> What to work on:
Search the data below for the word "with" and copy each line that holds it.

BEGIN Data

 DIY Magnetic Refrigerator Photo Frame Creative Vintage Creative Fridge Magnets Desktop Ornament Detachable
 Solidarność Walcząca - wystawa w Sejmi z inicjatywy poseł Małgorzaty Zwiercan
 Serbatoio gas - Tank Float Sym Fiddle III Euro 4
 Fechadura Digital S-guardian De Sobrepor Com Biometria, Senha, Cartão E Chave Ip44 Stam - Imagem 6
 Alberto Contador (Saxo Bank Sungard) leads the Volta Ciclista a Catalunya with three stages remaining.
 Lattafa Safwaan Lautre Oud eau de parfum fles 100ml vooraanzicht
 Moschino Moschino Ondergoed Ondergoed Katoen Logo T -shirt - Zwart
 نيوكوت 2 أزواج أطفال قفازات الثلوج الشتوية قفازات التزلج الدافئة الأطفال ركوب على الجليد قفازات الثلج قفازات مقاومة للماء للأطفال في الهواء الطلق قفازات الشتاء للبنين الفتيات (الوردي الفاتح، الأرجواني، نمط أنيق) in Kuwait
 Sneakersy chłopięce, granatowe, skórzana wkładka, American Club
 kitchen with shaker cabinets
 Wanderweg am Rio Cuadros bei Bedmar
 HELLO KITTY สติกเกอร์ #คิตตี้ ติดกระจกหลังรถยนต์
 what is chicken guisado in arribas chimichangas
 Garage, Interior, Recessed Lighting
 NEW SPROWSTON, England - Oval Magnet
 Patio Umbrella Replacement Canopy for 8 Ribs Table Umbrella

END Data

> Task response:
 Alberto Contador (Saxo Bank Sungard) leads the Volta Ciclista a Catalunya with three stages remaining.
 kitchen with shaker cabinets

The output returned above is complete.